“How many of the vice presidents in your company manage a $30,000,000 budget, lead 18 people – that is a good ratio of people to money – go through twelve months of extensive training to learn their equipment, and if they make a mistake, will take the City of Jacksonville off the face of the earth? I just gave you the basic job description of a weapons officer on a frigate in Mayport, Florida, who also has several other collateral duty assignments. And by the way, that weapons officer is a female who just turned 25 years old.”
Today’s military comprises highly trained and educated, technically savvy workers. And yet, during the recession, unemployment rates for veterans far exceeded that of the non-veteran workforce, climbing to 12.1 percent in 2011 (compared to a non-veteran unemployment rate of 8.7 percent). Since then, economic recovery and programs offering tax cuts to companies that employ veterans have driven the rate down. The unemployment rate for all veterans in 2015 was 4.6 percent, although the rate for post-9/11 veterans was still higher than the national average at 5.8 percent, down from 7.2 percent in 2014.
Despite positive trends, former service members who transition to civilian work face challenges, including applying their experience to a non-military structure and work culture. Fortunately, there are job resources specifically geared toward veterans and their families.
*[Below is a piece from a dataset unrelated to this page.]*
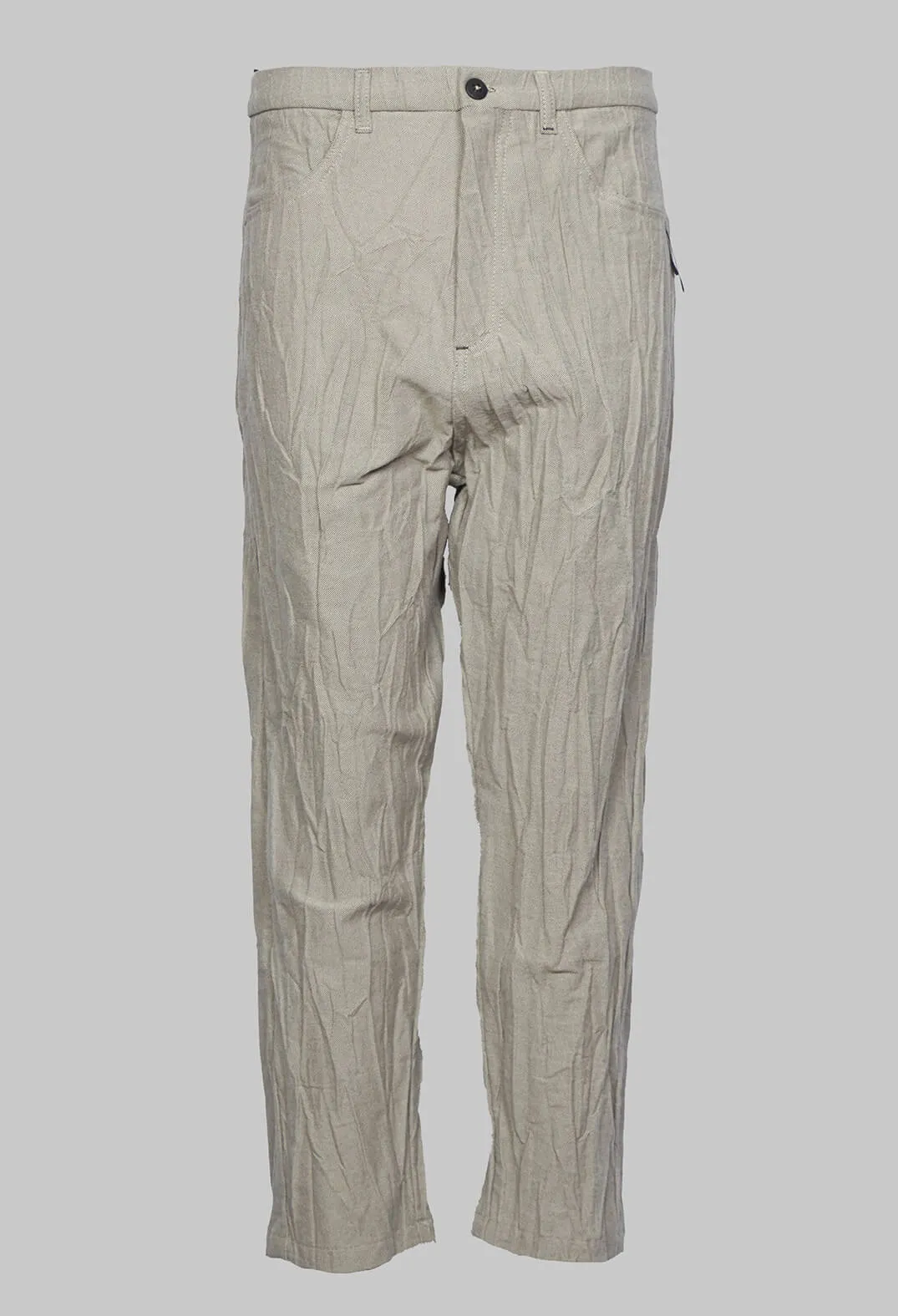 Loose Fit Crinkled Trousers in Beige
If you’re a veteran and you’re looking for help finding a job, these are a few places to start:
VetJobs is one of the oldest free online job resources for veterans, and has been around since 1999. Anyone can apply to jobs posted on the VetJobs site, but only veterans and their family can post resumes. Users can search jobs by category, keyword, company, or reference number, and restrict searches by location.
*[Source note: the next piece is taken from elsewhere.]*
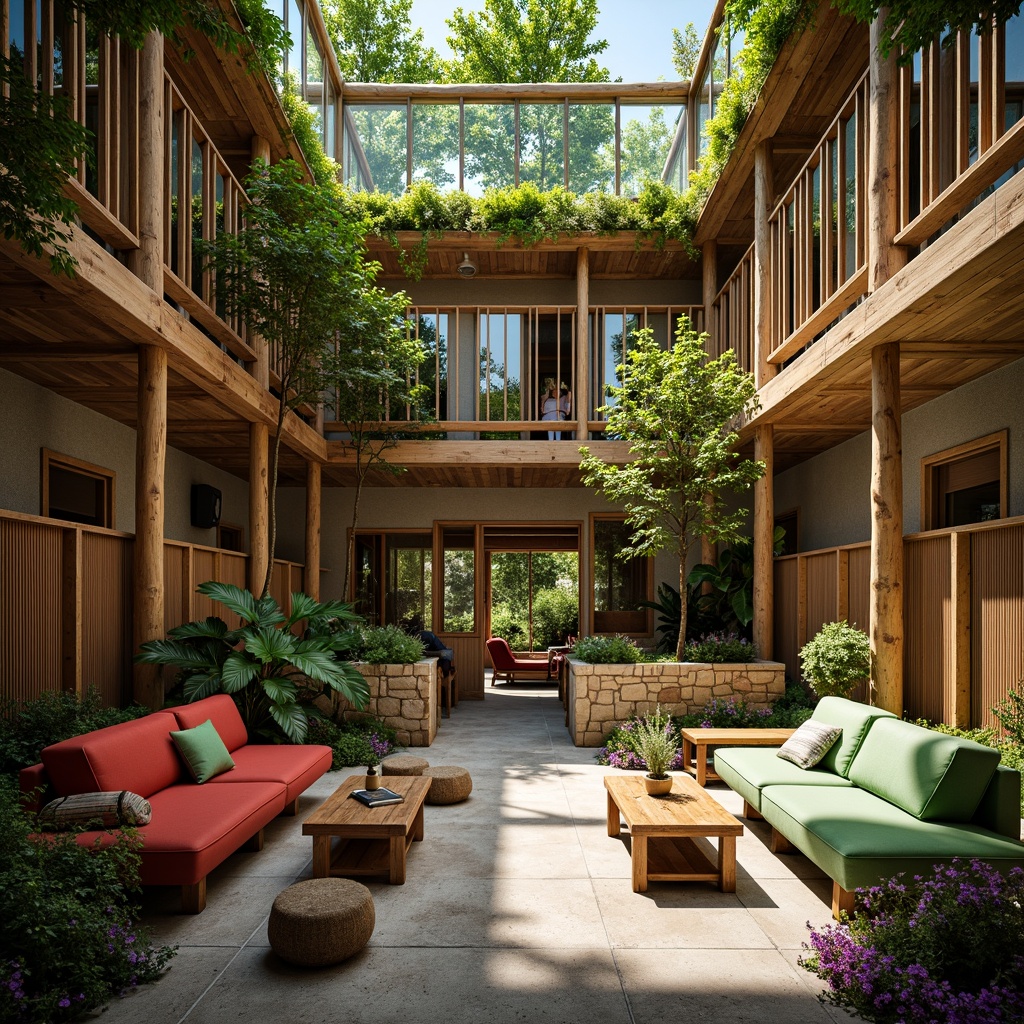 Prompt: Rustic student hall, organic architecture, reclaimed wood accents, natural stone walls, earthy color palette, lush green roofs, living walls, bamboo flooring, wooden beams, exposed brick ceilings, cozy nooks, comfortable seating areas, warm lighting, soft shadows, 1/1 composition, intimate atmosphere, realistic textures, ambient occlusion.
MilitaryHire.com is free for veterans, who can search the jobs database by location, keyword, job type, and company name. The site also offers resources on resume writing, interviewing, job searching, and transitioning to civilian life.
Interested in a government job? Feds Hire Vets is a good place to start. Not a jobs board but a resource, the site has exhaustive information on applying for veterans’ preference, which gives former military a leg up on the competition for federal jobs, as well as a detailed explanation of how federal jobs get filled. Once you’re up to speed on the process, your next stop will be USAJOBS, the next site on our list.
Although not specifically for veterans, USAJOBS offers information on obtaining veterans’ preference for federal jobs listed through its site. Like Feds Hire Vets, USAJOBS is run by the Office of Personnel Management.